The Charity Commission has lodged an appeal against an Employment Tribunal judgment that it unfairly dismissed David Orbison, a former senior case worker.
Orbison last month won his case for constructive unfair dismissal at the Employment Tribunal in Liverpool by a majority verdict, although three other claims including discrimination due to a disability, which related to a clinical diagnosis of anxiety and depression, were rejected.
Orbison resigned from the commission in 2010 following a dispute over an inquiry into the charity African Aids Action, a small charity he was assigned to investigate. He felt that charitable funds were being used for the chair’s personal benefit, and that the commission had treated the charity too leniently.
This disagreement led Orbison to make a complaint about the case under the Public Interest Disclosure Act 1998, which is intended to protect whistleblowers, and later to complain that the commission’s handling of delicate cases made it effectively become a "no-touch regulator".
Orbison resigned as a result of the dispute and later took four claims to the Employment Tribunal.
All but one of these claims were dismissed by the Employment Tribunal panel of two lay members and a judge. The two lay members supported a claim that the commission had breached a "duty to make reasonable adjustments" by insisting that Orbison meet one of his senior managers, rather than a diversity officer, to discuss a return to work after he had been signed off with stress.

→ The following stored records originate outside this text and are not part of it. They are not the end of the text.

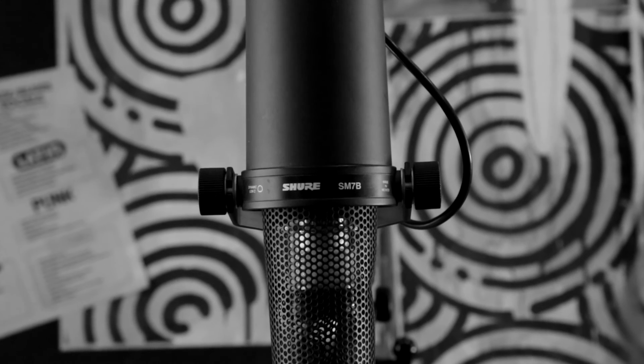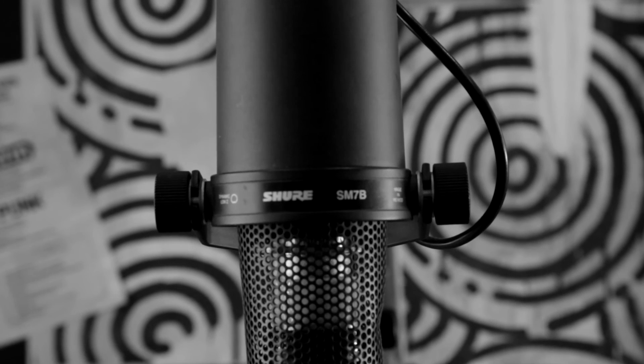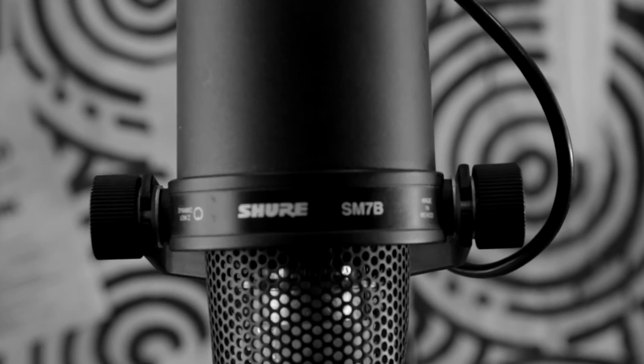...with no hype, just a solid recording microphone, this is hands down the best one to have for the money. At $400–$450, it's fantastic — it sounds so good.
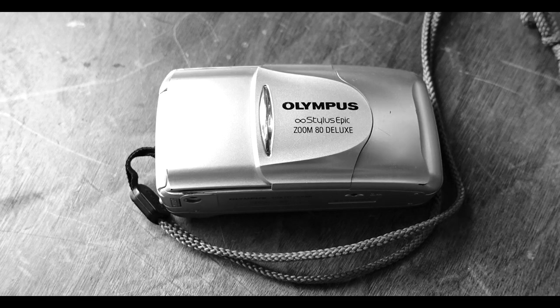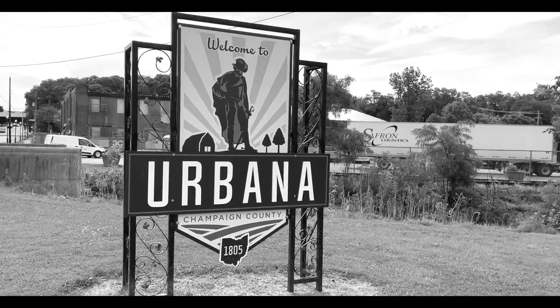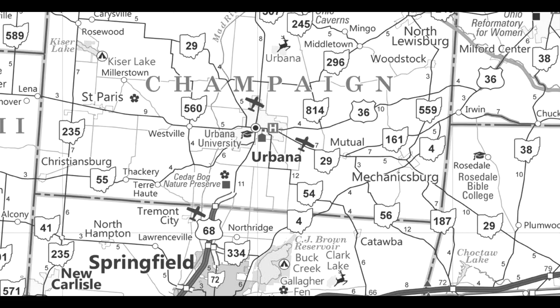So I loaded a roll of HP5 Plus into the Zoom 80 Deluxe and headed to the town of Urbana, Ohio, about an hour west of where I live.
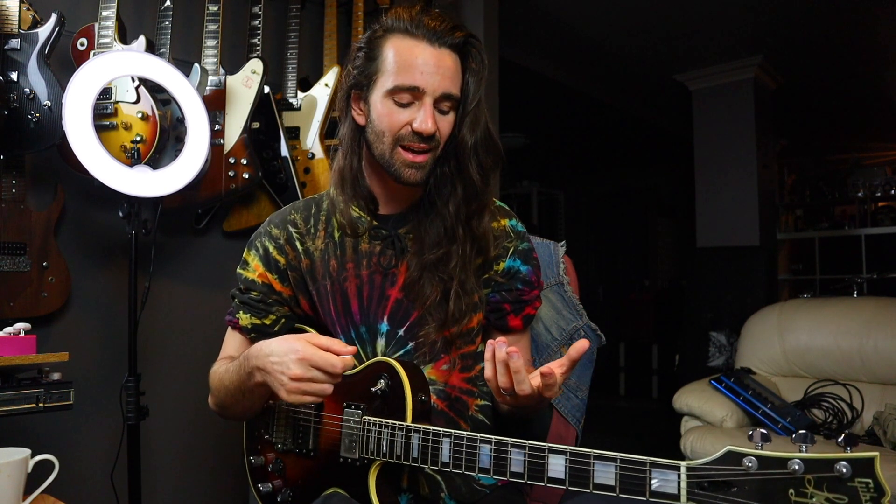Another guy I would highly recommend is Andy Wood — I just absolutely love his playing. Not only that, he's a great, great teacher. He's started doing YouTube videos explaining stuff for the layman, but just absolutely killing it — a fantastic teacher. He's also one of the funniest human beings I've ever met. Definitely check out his playing, watch how efficient he is and watch his hybrid picking technique. I've tried to steal a bunch of his licks.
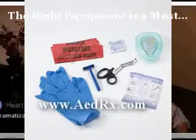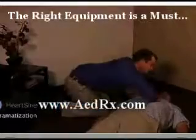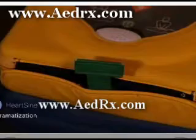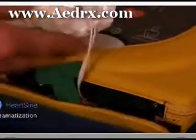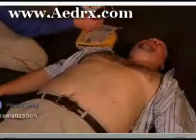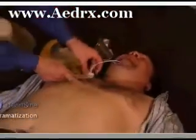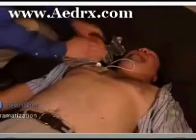Remove clothing from patient's chest to expose bare skin. Pull green tab to remove pads. Peel pads from liner. Apply pads to patient's bare chest as shown in picture.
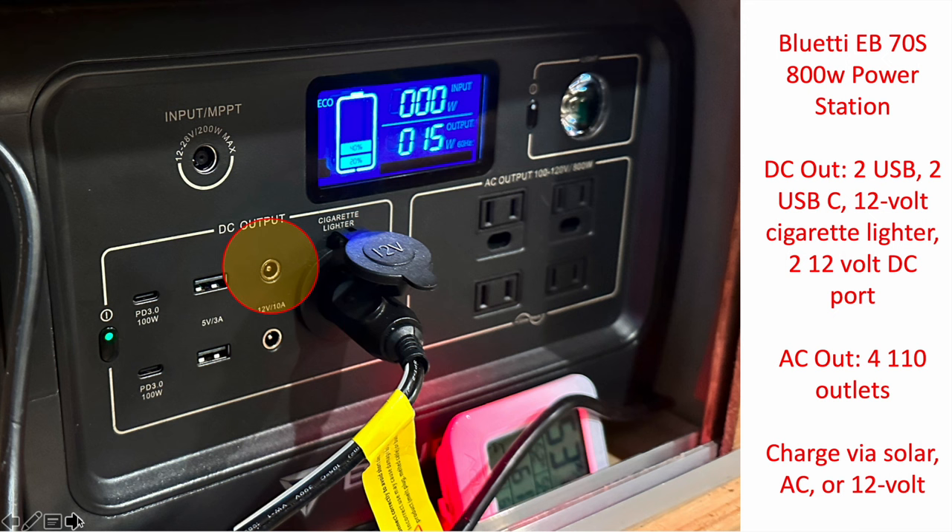I initially thought the DC output ports were kind of silly, but I ended up finding a pretty good use for them. If you look at any 12-volt AC appliance at home, it probably has some kind of DC plug. I took a little desktop dehumidifier that had an AC-DC transformer rated for 12 volts, clipped the AC plug off, soldered on a DC plug, and now I'm able to run that dehumidifier directly off the DC output on this power station.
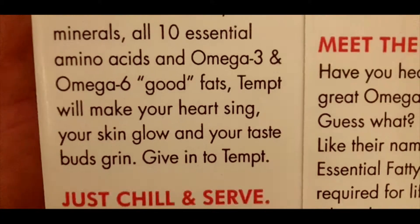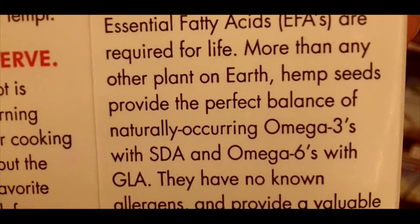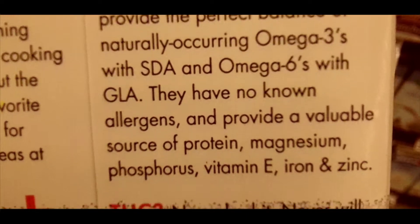One of the best alternatives for milk and very light on the digestive system, hemp milk is also very simple to make. Check out the recipe in the video description below.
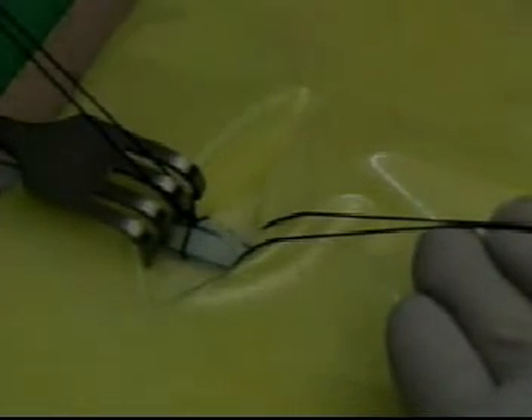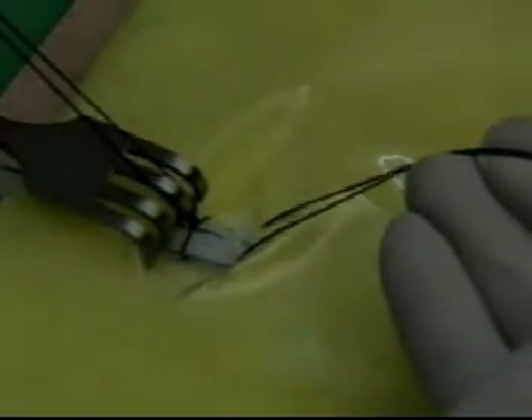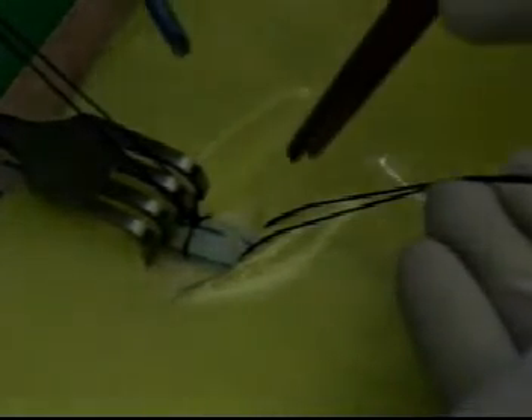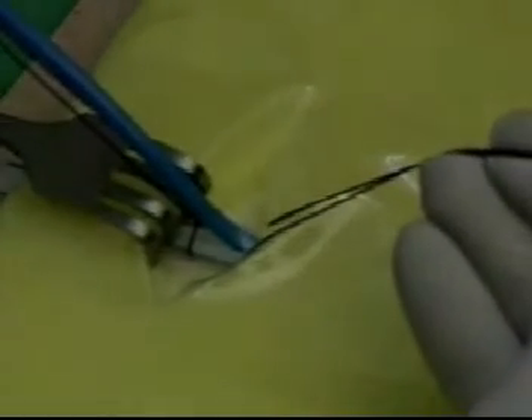A cut-down catheter is then taken and pushed into the vein. When the appropriate length of the cut-down catheter is inside the proximal part of the vein, the proximal suture is also tied.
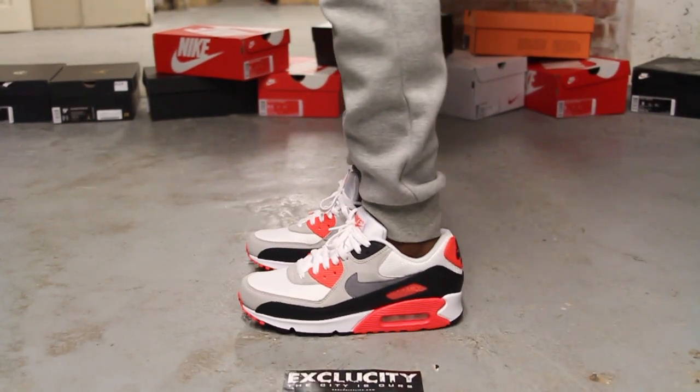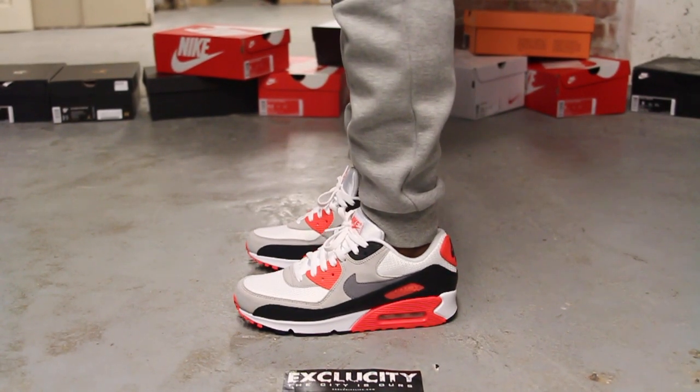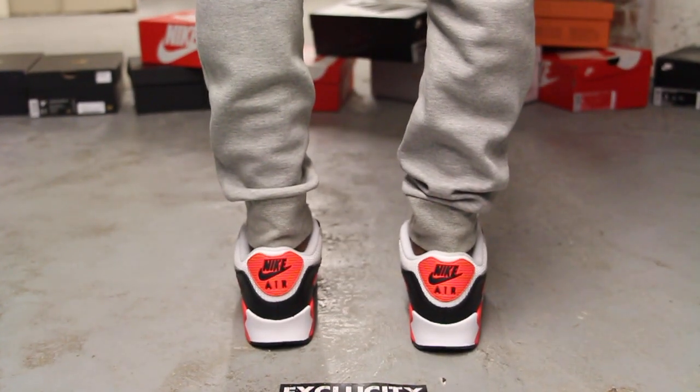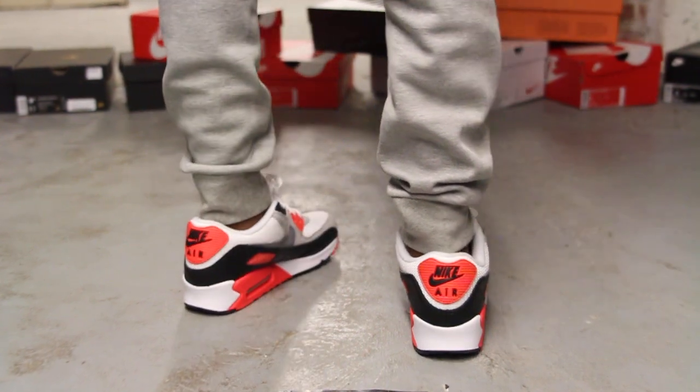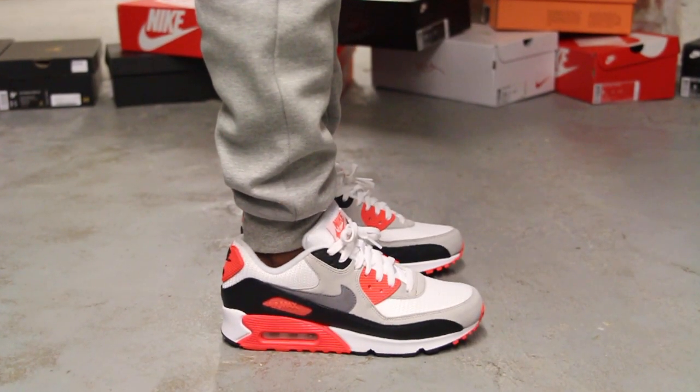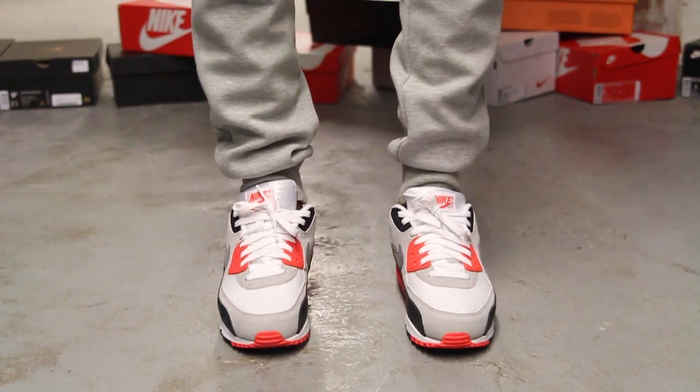Alright guys, so this is what the Air Max 90 OG in the infrared colorway looks like on feet. We did do an unboxing video to this shoe, so if you haven't checked it out, you can go check it out first. And we are filming in HD, so switch your settings to 1080p to get a better look at the shoe.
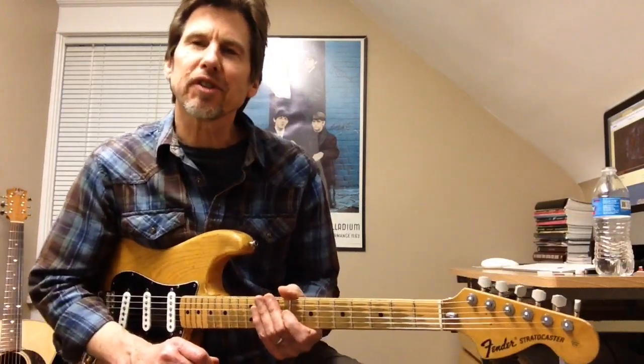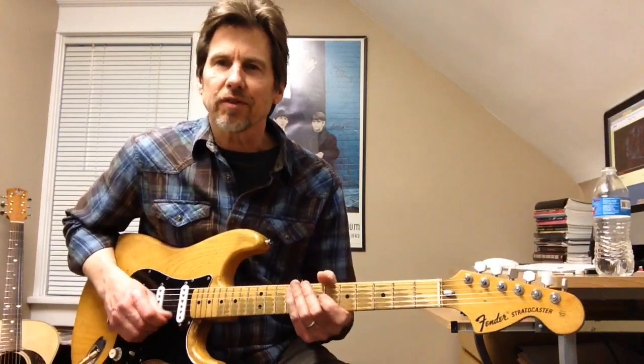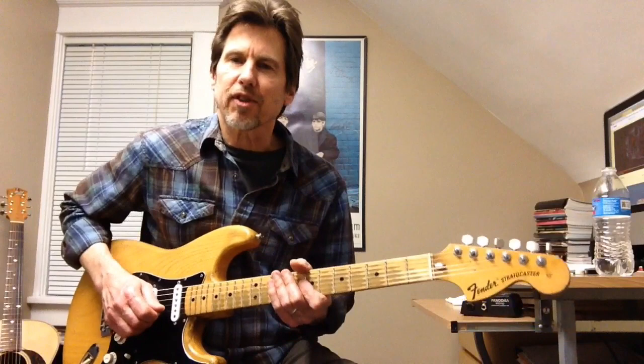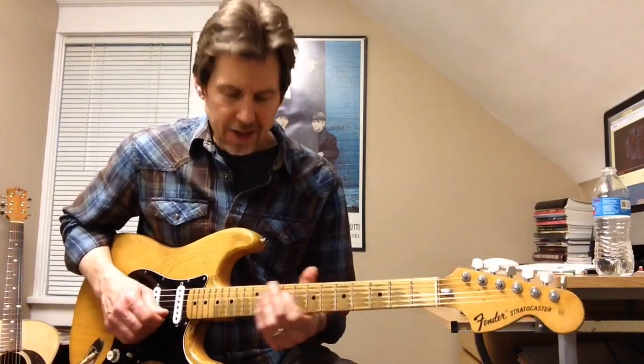Hey everybody, Bill Euler here from the Music Gallery. Today we're going to take a look at the intro for Little Wing, a Jimi Hendrix tune. Hendrix tuned down a half step, so I'm tuned down to E-flat. And it goes like this.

The tribunal’s judgment says that while Orbison complained of being sidelined, threatened, and publicly humiliated and criticised, senior management were supportive towards Orbison and that they made efforts to protect and accommodate him. However, when commission insisted that he meet a senior manager to discuss his return to work, it found the regulator had not done enough to support him.
A spokeswoman for the Charity Commission confirmed that it had appealed the decision of constructive unfair dismissal, but declined to make any further comment.
In a statement, Orbison said: "By appealing the decision, once more senior management at the Charity Commission have shown that they are incapable of accepting criticism – this time from an Employment Tribunal. They would rather waste yet more public funds trying to cover their mistakes than simply facing up to the consequences of their bad decisions.
"No expense has been spared in attacking my integrity," he said.